What third party consents are required to sell a company?

Takeaway: Depending on the structure of the transaction, completing acquisitions can require obtaining third-party consents, including contractual consent rights, stockholder approval, lender consent, regulatory approval, key employee consent, and landlord consent.

When selling a startup, the process involves not only the buyer and the seller but often third parties as well. Third parties such as creditors, stockholders, or landlords may have rights that are impacted by the sale, requiring their consent before the transaction can proceed. This post will explain the key third party consents that startups need to be aware of when planning to sell their company.
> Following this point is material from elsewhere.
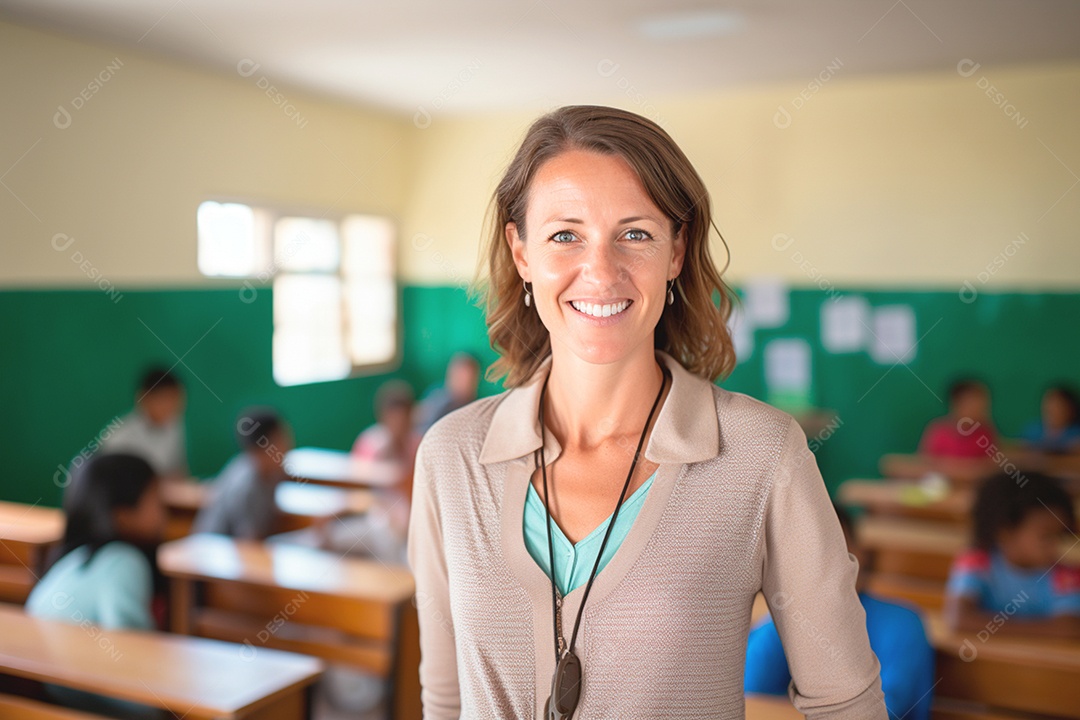 Educadora confiante sorrindo com ambiente de sala de aula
Contractual Consent Rights

In many business contracts, there is a clause known as a "change of control" provision. This provision requires the company to obtain the consent of the other party before it can be sold. This is particularly common in customer contracts, vendor agreements, and commercial leases. Not all transaction types trigger change of control provisions - reverse triangular mergers, for example, often do not.

Stockholder Consent

In most jurisdictions and corporate structures, the sale of a company requires the consent of its stockholders. Depending on the jurisdiction and the company's charter and bylaws, this could require a variety of votes including a simple majority, a supermajority, and/or a majority of certain classes of stock.

Lender Consent

If the company has taken on debt, the lender may also have a say in the sale of the company. Loan agreements often include covenants that require the lender's consent before the borrower can engage in certain actions, including selling the company.

Regulatory Approval

Depending on the industry and jurisdiction, regulatory authorities may need to approve the sale. This is particularly common in heavily regulated industries, such as healthcare, financial services, and telecommunications but less common with technology startups.

Consent of Key Employees

While not always a legal requirement, obtaining the consent of key employees can be crucial. These individuals often have deep knowledge of the company's operations and relationships with customers and suppliers and the buyer will likely want them to sign new employment agreements. Their departure could significantly impact the value of the company to the buyer.

Landlord Consent

If the company leases its premises, the landlord may need to consent to the transfer of the lease. This is especially relevant if the lease is a significant asset, such as in a retail business.

Conclusion

Selling a company often requires the consent of more parties than just the buyer and the seller. Early identification and management of these third party consents can help prevent delays and complications in the sale process.